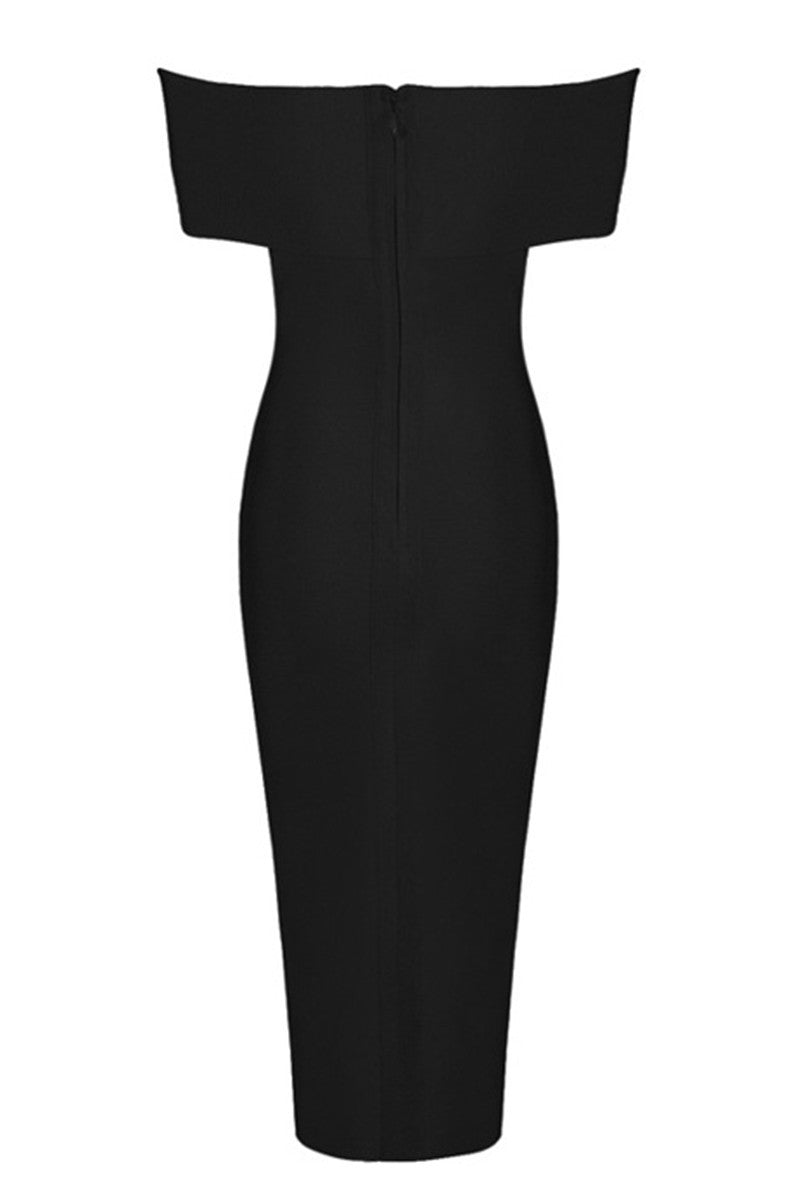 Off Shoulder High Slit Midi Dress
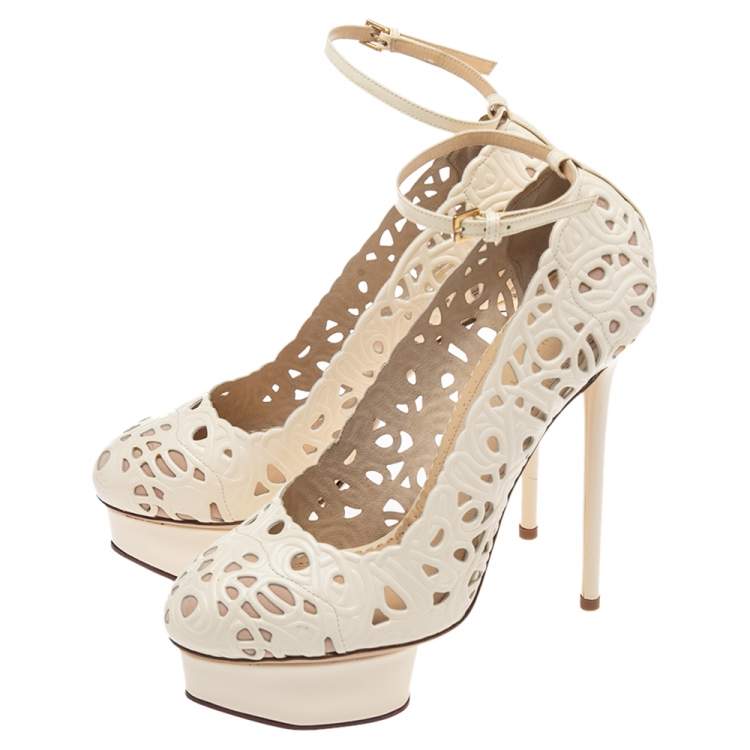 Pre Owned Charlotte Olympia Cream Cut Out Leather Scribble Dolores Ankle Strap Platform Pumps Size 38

════

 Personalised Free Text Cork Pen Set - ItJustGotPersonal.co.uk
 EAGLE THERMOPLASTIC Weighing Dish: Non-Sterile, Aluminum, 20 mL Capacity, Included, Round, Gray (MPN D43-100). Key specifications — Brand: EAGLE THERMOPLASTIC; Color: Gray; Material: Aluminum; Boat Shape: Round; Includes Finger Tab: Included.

════

Exercise objective:
Where a picture appears in the records above, omit it, and transcribe exactly the stretch of lines from the one with "Off Shoulder High Slit Midi Dress" through the one with "Pre Owned Charlotte".

Answer below:
 Off Shoulder High Slit Midi Dress
 Pre Owned Charlotte Olympia Cream Cut Out Leather Scribble Dolores Ankle Strap Platform Pumps Size 38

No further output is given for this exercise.